-- Data excerpts follows --
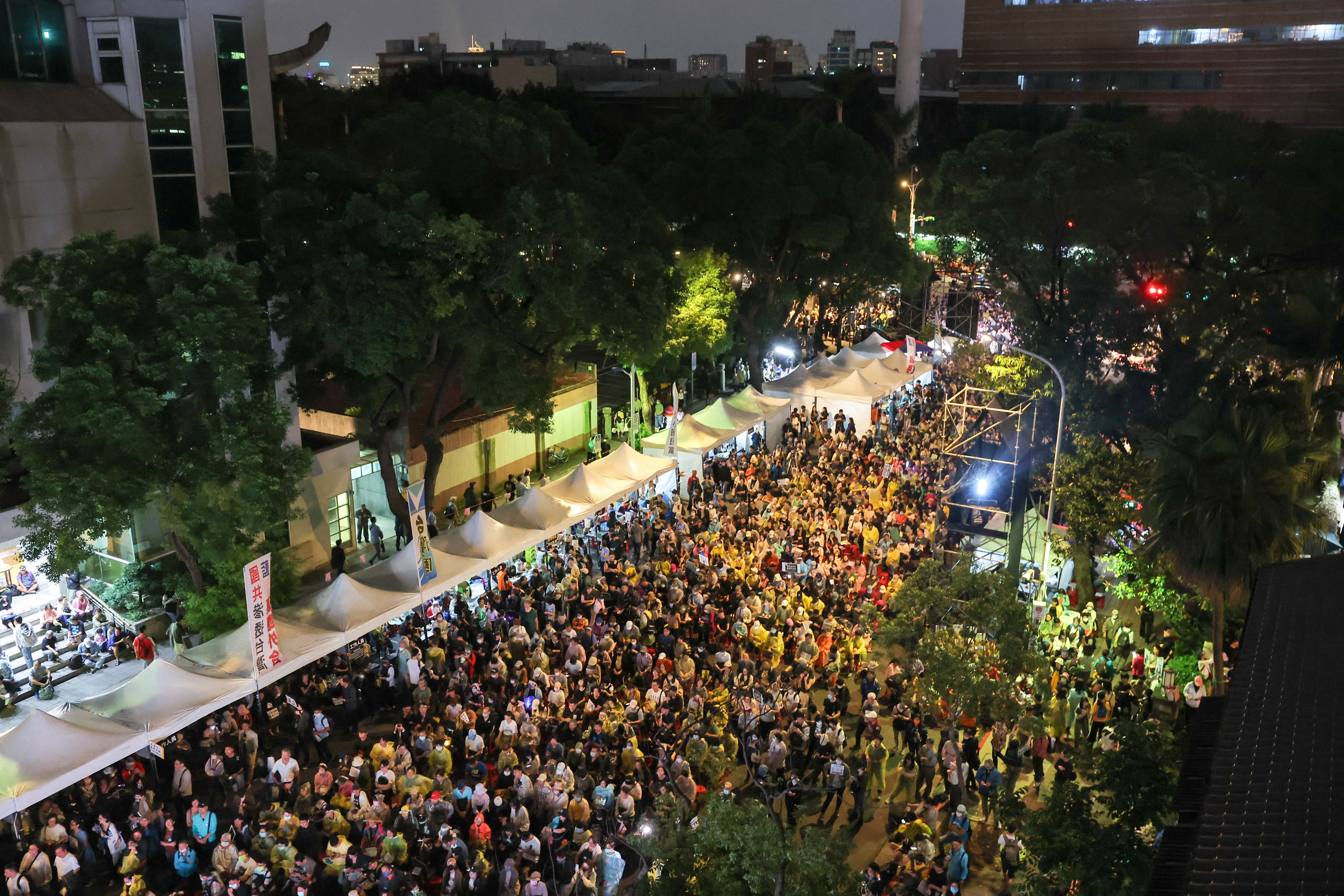 People gather outside the parliament in Taipei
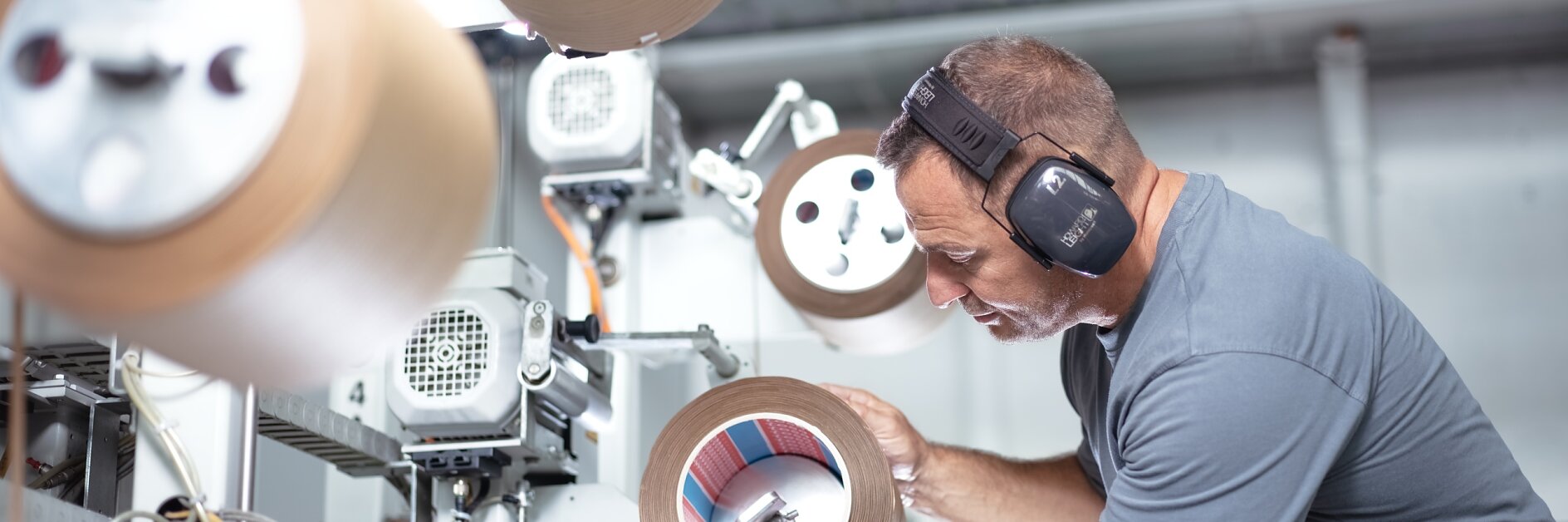 A man wearing ear protection inspects a large roll of tesa tape in an industrial setting. He is surrounded by machinery and other rolls of tesa tape, focusing intently on the one in his hands. The environment appears to be a manufacturing facility.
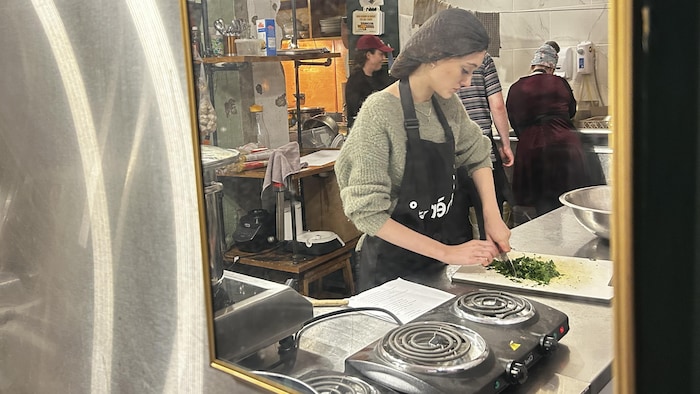 Une jeune femme hache du persil sur une planche à découper. 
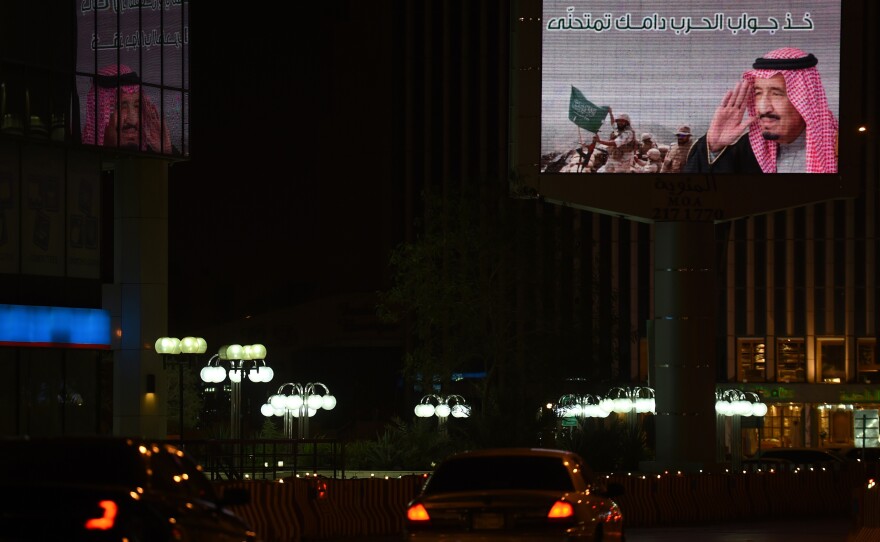 A billboard in Riyadh, the Saudi capital, features an image of soldiers and a portrait of Saudi King Salman.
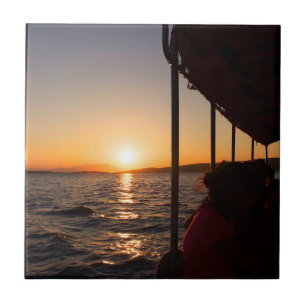 Aegean lifestyle on boat at sunset in summer ceramic tile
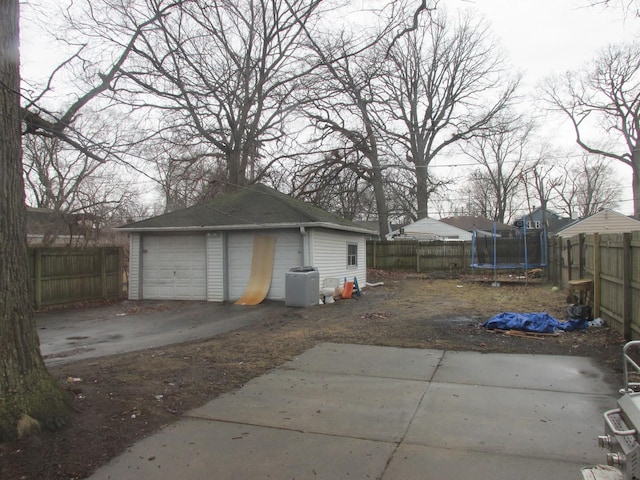 detached garage featuring a trampoline and fence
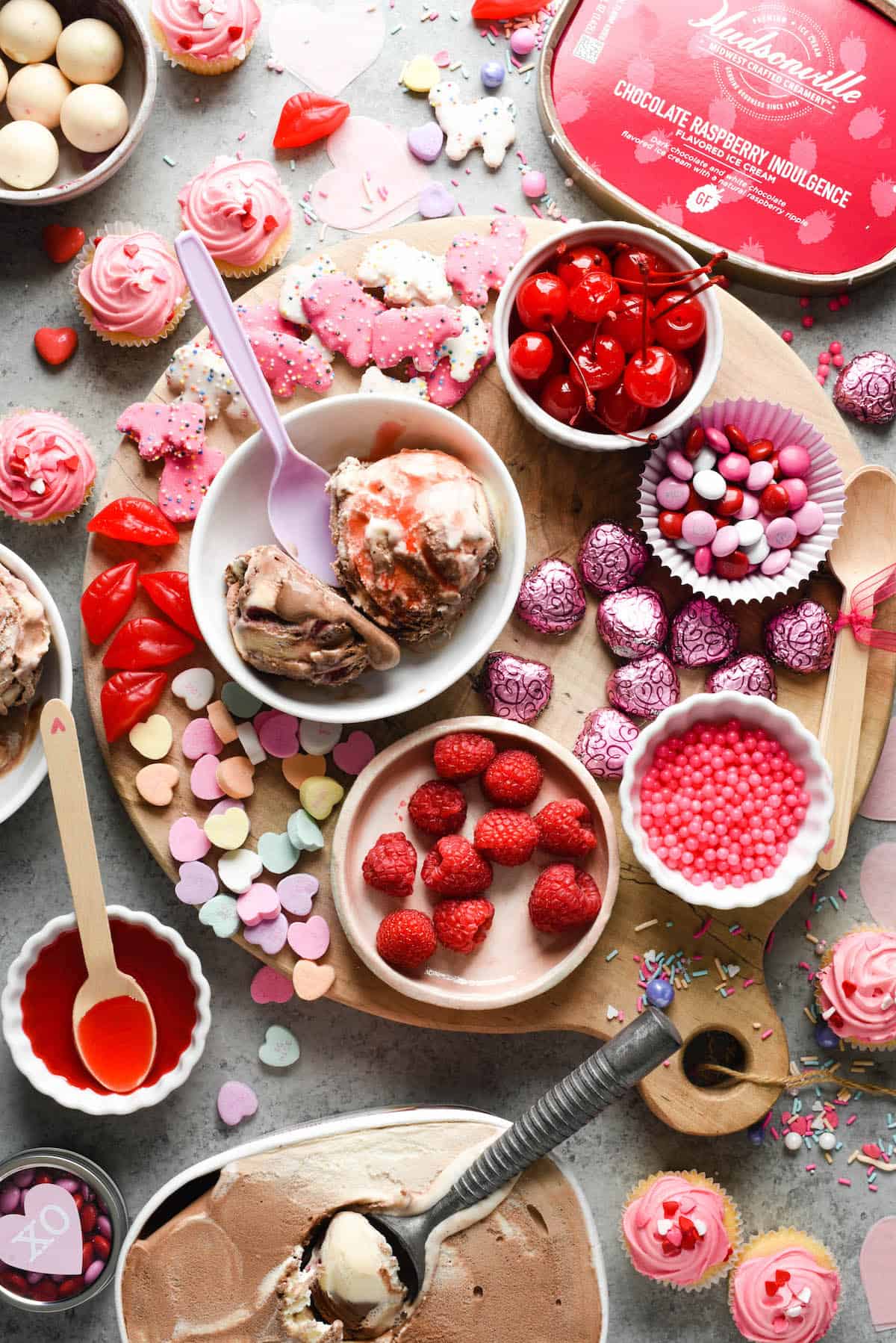Make the holiday extra sweet with this dreamy Valentine's Day Dessert Board featuring ice cream, fruit, candies, chocolate and sprinkles! | foxeslovelemons.com Make the holiday extra sweet with this dreamy Valentine's Day Dessert Board featuring ice cream, fruit, candies, chocolate and sprinkles! | foxeslovelemons.com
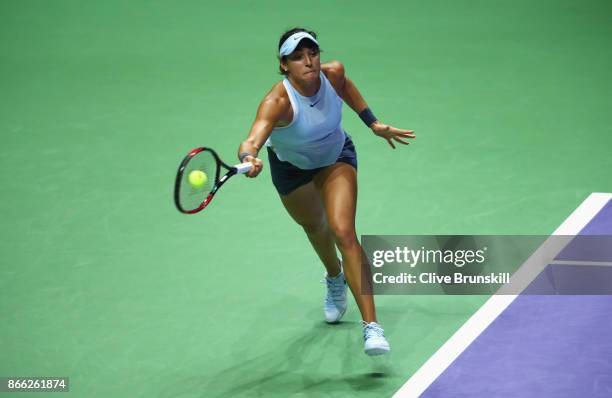 Caroline Garcia of France plays a forehand in her singles match against Elina Svitolina of Ukraine during day 4 of the BNP Paribas WTA Finals...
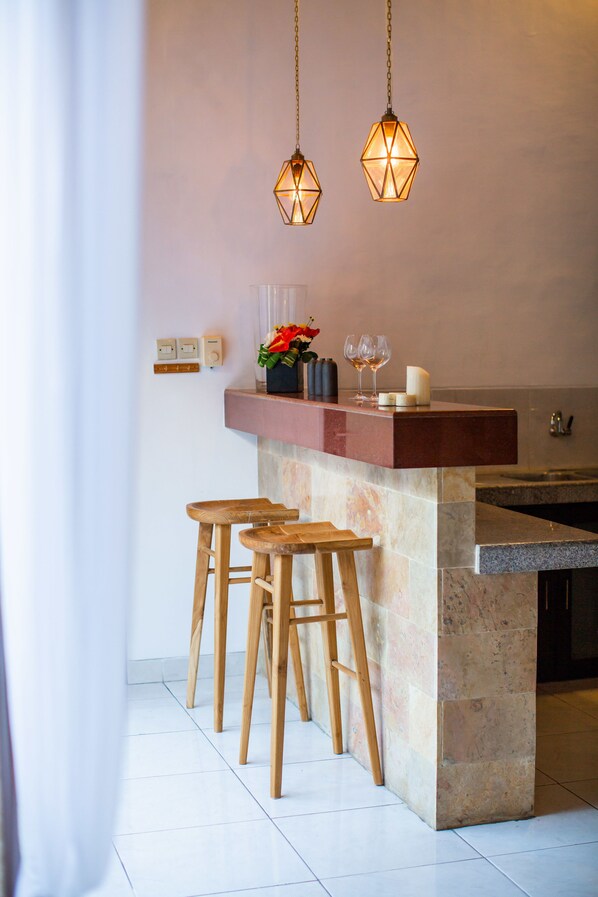 A kitchen with a marble island, wooden stools, pendant lights, and a countertop with glasses and candles. - Villa Leon (Seminyak)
-- Data excerpts concluded --
Work task:
If pictures appear, drop them, and retype exactly the lines from the "Caroline Garcia of" line through the last line of the data above.

Solved exercise:
 Caroline Garcia of France plays a forehand in her singles match against Elina Svitolina of Ukraine during day 4 of the BNP Paribas WTA Finals...
 A kitchen with a marble island, wooden stools, pendant lights, and a countertop with glasses and candles. - Villa Leon (Seminyak)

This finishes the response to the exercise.